Under the job description, the interim supervisor, pending security clearance from the US authorities, will have the authority "to block any or all searches" that are broader than the scope of the agreement – for instance random searches or "algorithmic profiling or computer filtering."

But as the regular selection procedure is expected to last "two to three months", the EU commission is about to send someone provisionally to Washington, until the "definitive appointment" is made, a spokesman said Thursday (29 July).

The appointment was "very technical, not political" and the name of the interim official will not be made public, Michele Cercone, spokesman for home affairs, said during a press briefing.

The interim person could be someone holding a position within the EU mission in Washington and dealing with home affairs, which would mean that he or she already has the necessary clearance to take up the post next week.

Washington is eager to have the agreement in place as soon as possible, warning that the months lapsed since the beginning of the year, when the data flow was interrupted, resulted in a "security gap."

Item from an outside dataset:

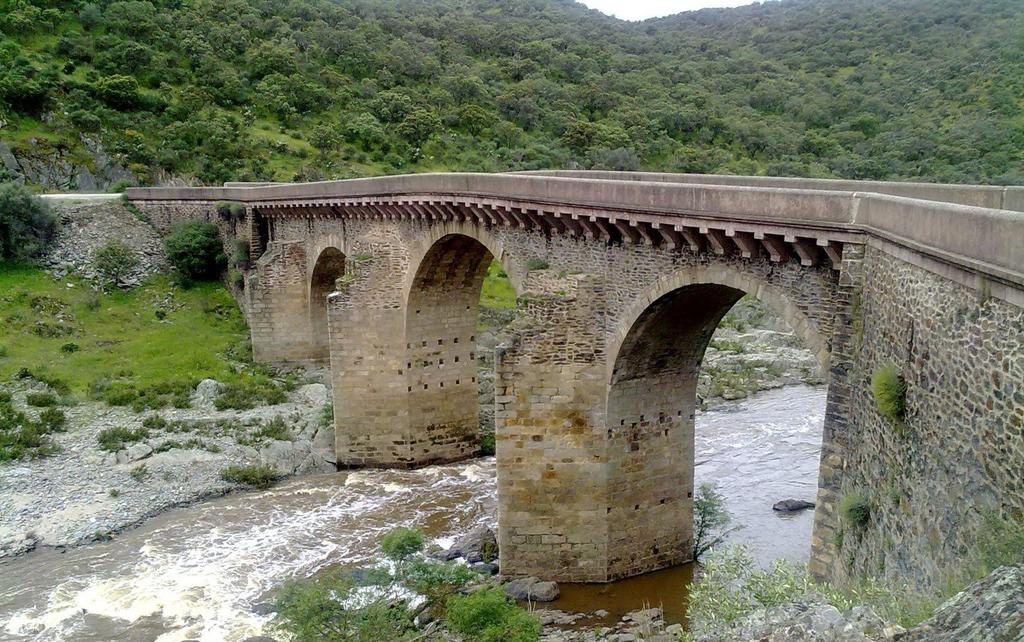 Puente en los Esquistos Grauváquicos, del Precámbrico Sup., sobre el Río Salor.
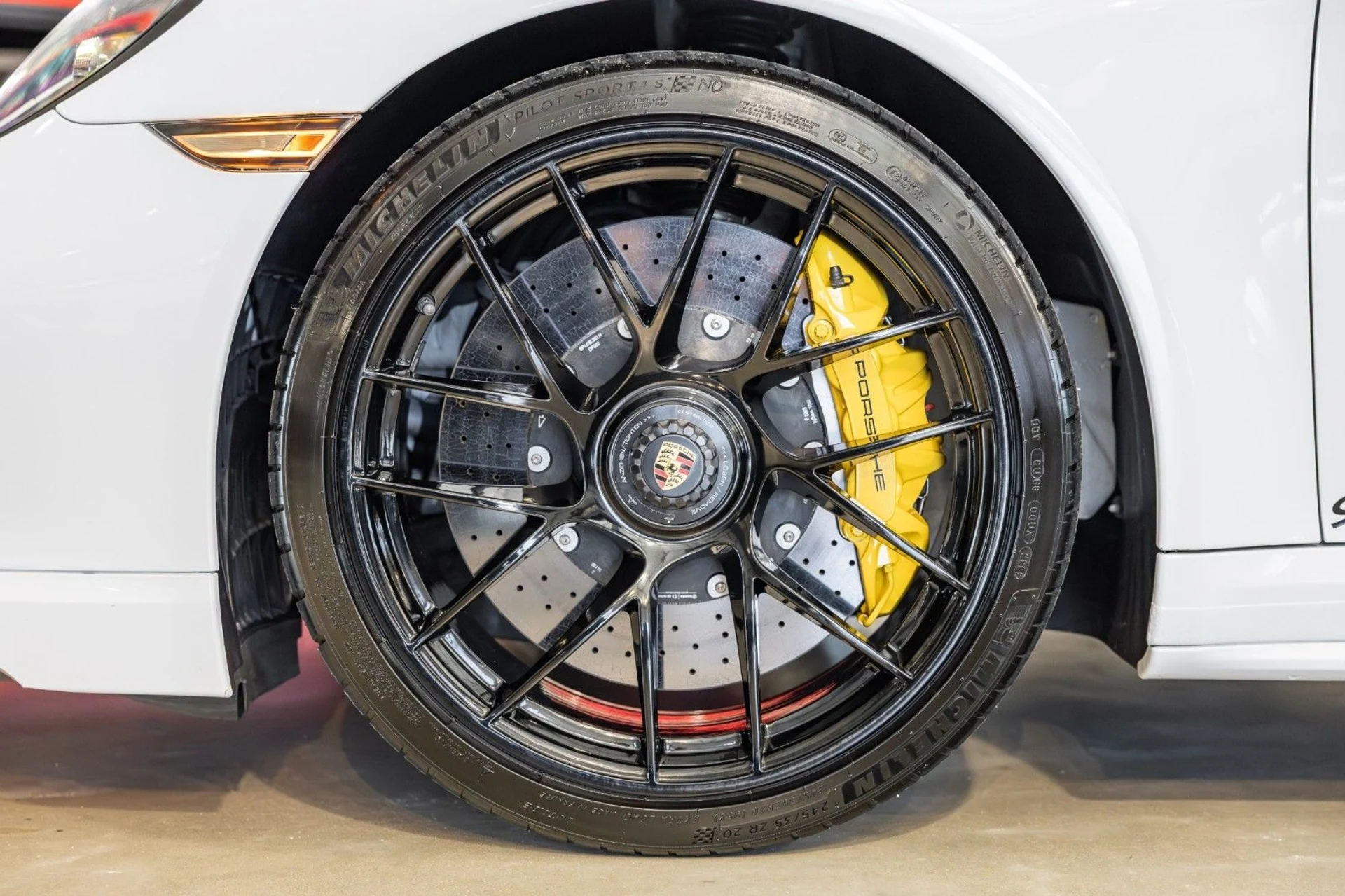 mph034_725673915_IA_c32ccf28f5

It is expected that an information request will be put forward by the end of next week, with the first data flowing around 20 August, after Europol, the EU police co-operation agency, had given its approval.

"Because everything was rushed through, in the name of the 'security gap', we are now facing a supervision gap. But it's better to have someone provisionally than nobody at all," Dutch Liberal MEP Sophie in't Veld, one of the critics of the agreement, told this website.

As to the secrecy surrounding the interim appointment, Ms in't Veld said this was a wrong approach. "We don't want someone in the secret service, we need transparency, to be able to ask questions. It doesn't have to be a terrorism fighter, the job of this person is to oversee the implementation of the agreement. He or she should be a data protection specialist," she explained.

The EU commission points to the fact that the final appointment will be the result of an open contest, but does not exclude that the interim person keeps the job permanently.

A spokesperson for the US government said that Washington is "working very closely with the Eu to implement all aspects of the agreement, including the role of the EU-appointed monitor."